This Day in History – April 14
Today is the 104th day of 2013. There are 261 days left in the year.
TODAY’S HIGHLIGHT
1849: Hungarians proclaim independence from Hapsburg empire with Lajos Kossuth as Governor-President. The rebellion is put down by Russian troops in August.
OTHER EVENTS
1775: The first American society for the abolition of slavery is organised by Benjamin Franklin and Benjamin Rush.
1828: The first edition of Noah Webster’s American Dictionary of the English Language is published.
1890: Delegates to Washington Conference of American States create what is to become the Pan-American Union; that North, South and Central America are all American nations.
1902: James Cash Penney opens his first store, The Golden Rule, in Kemmerer, Wyoming.
1912: The British liner Titanic collides with an iceberg in the North Atlantic and begins sinking.
1931: King Alfonso XIII of Spain goes into exile, and the Second Spanish Republic iss proclaimed.
1949: The “Wilhelmstrasse Trial” in Nuremberg ends with 19 former Nazi Foreign Office officials sentenced by an American tribunal to prison terms ranging from four to 25 years.
1956: Ampex Corp demonstrates its videotape recorder at the National Association of Radio and Television Broadcasters Convention in Chicago.

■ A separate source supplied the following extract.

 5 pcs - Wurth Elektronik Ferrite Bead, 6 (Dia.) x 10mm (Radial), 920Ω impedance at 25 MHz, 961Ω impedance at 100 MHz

1981: The first test flight of America’s first operational space shuttle, the Columbia, ends successfully with a landing at Edwards Air Force Base in California.

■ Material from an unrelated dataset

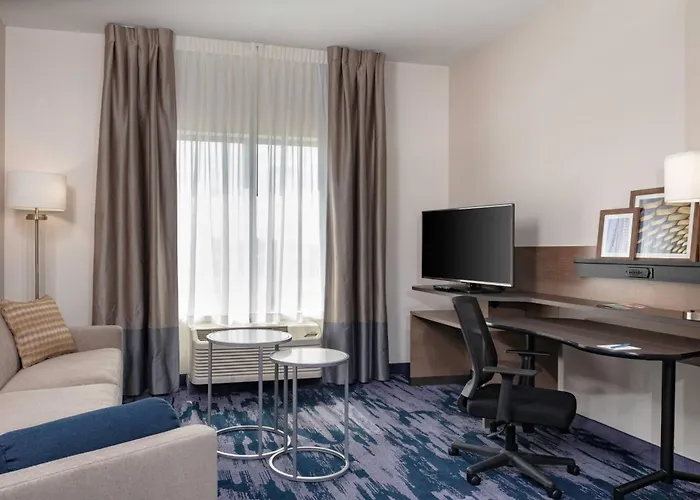 Fairfield By Marriott Inn & Suites Charlotte Pineville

1986: French feminist author Simone de Beauvoir dies in Paris at age 78.
2000: After years of delay, Russian lawmakers approve the START II treaty to scrap thousands of US and Russian nuclear warheads, clearing the way for further arms reductions.

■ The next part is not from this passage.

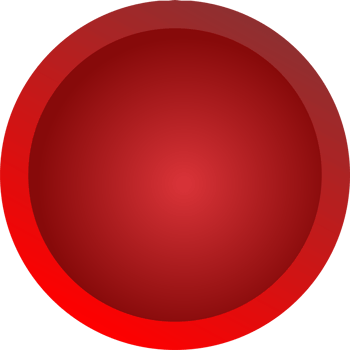 Red button round shape png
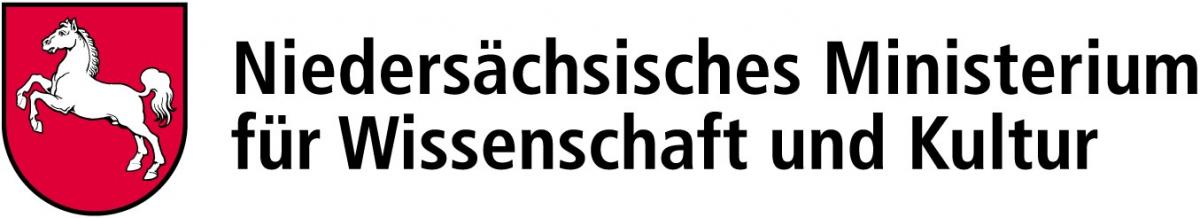 Logo "Niedersächsisches Ministerium für Wissenschaft und Kultur"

2003: Indonesian prosecutors indict Abu Bakar Bashir, a 64-year-old radical Islamic cleric, on charges of treason for allegedly plotting to assassinate President Megawati Sukarnoputri and overthrow the government.
2005: Afghan farmers challenge President Hamid Karzai’s plans to destroy the world’s largest narcotics industry, vowing to protect their opium crops from an eradication campaign led by UStrained drug police.
2006: Chad’s president Idriss Deby breaks off relations with neighbouring Sudan, threatens to expel 200,000 Darfur refugees and parades more than 250 captured rebels through the streets of the capital after a violent attempt to overthrow him.
2008: Media billionaire Silvio Berlusconi wins a decisive victory in Italy’s parliamentary election, setting the colourful conservative and staunch US ally on course to his third stint as premier.
2010: The head of the World Bank says it is time to stop using the term “Third World” to refer to developing countries and recognise they are an essential part of a new, fast evolving international economy.
2012: Eleven Secret Service agents are placed on leave in a Colombia prostitution scandal that overshadows President Barack Obama’s diplomatic mission to Latin America.
TODAY’S BIRTHDAYS
Christian Huygens, Dutch mathematician-scientist (1629-1695); John Gielgud, English actor (1904-2000); Rod Steiger, US actor (1925-2002); Loretta Lynn, US country singer (1935-); Julie Christie, British actress (1940-); Brad Garrett, US actor (1960-); Sarah Michelle Gellar, US actress (1977-).